## Task to complete
Below are records with pictures; copy word for word only the lines between the line with "Hautaustoimisto ja Kukkakauppa" and the line with "Gianni Bini Black", inclusive, and drop the pictures.

## Material for this task

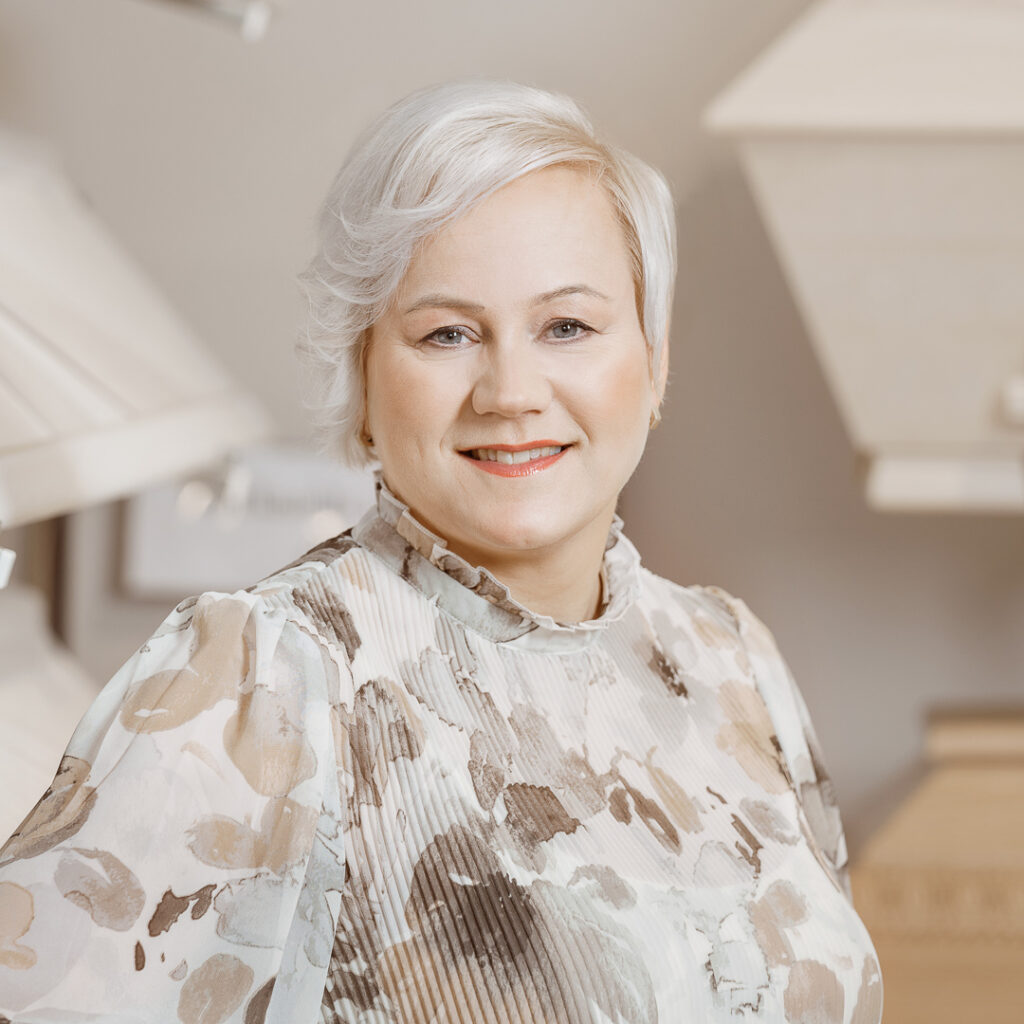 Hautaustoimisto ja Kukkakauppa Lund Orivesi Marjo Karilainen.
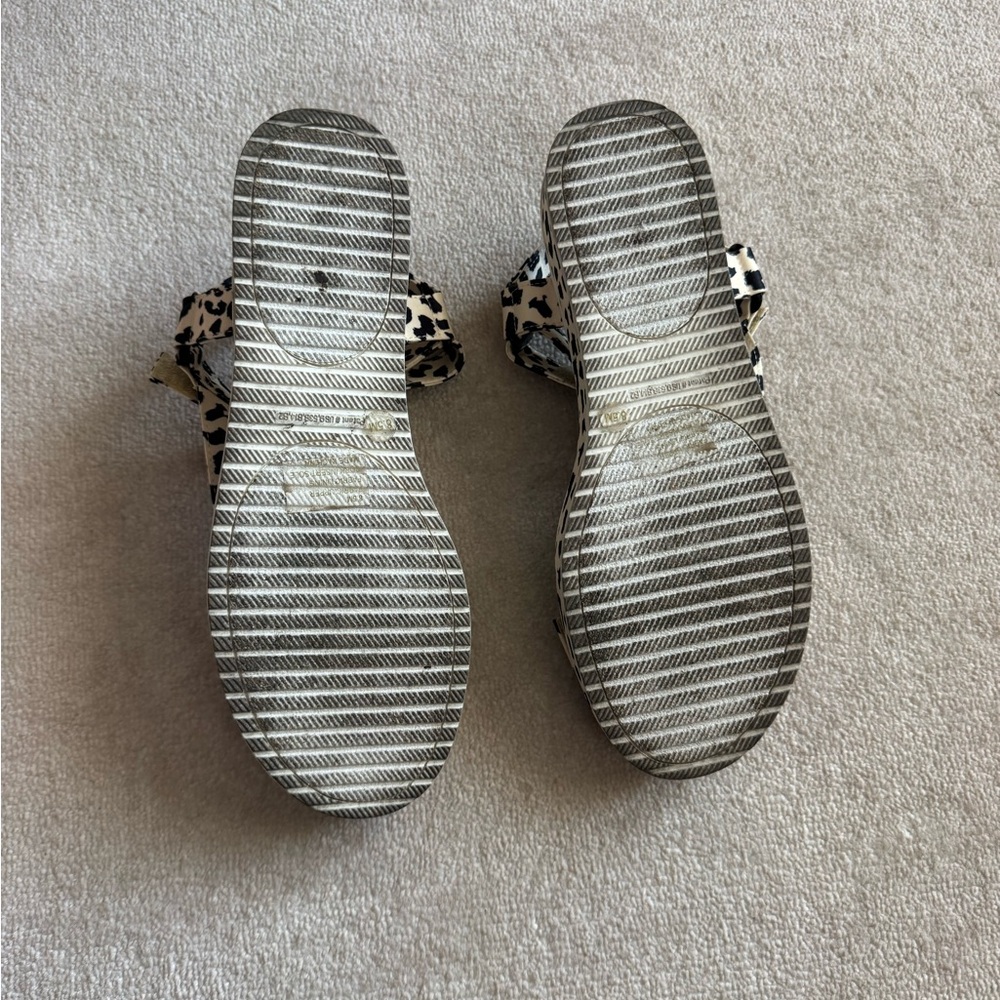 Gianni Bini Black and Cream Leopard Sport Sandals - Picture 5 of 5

==

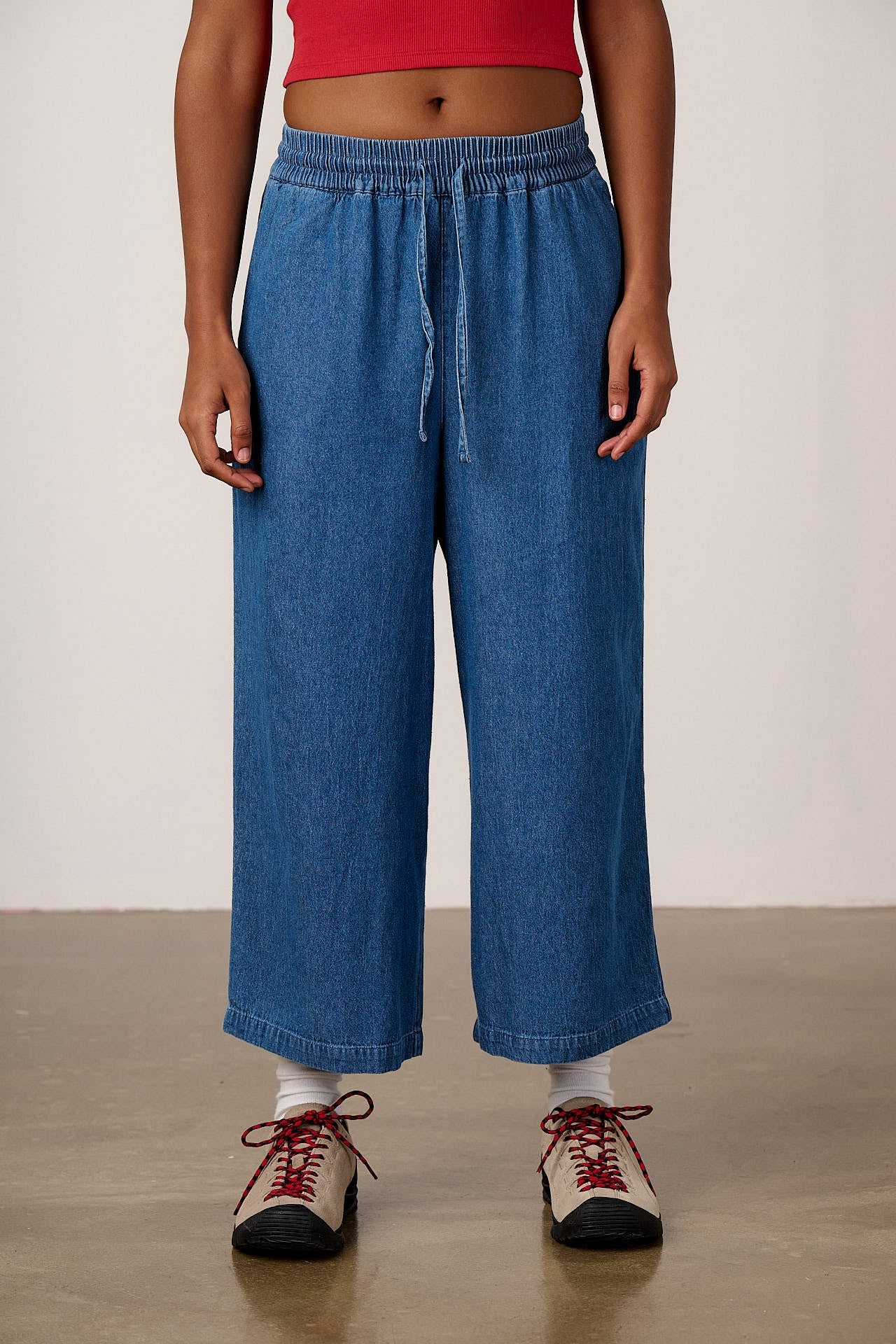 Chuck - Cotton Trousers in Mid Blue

## Your response
 Hautaustoimisto ja Kukkakauppa Lund Orivesi Marjo Karilainen.
 Gianni Bini Black and Cream Leopard Sport Sandals - Picture 5 of 5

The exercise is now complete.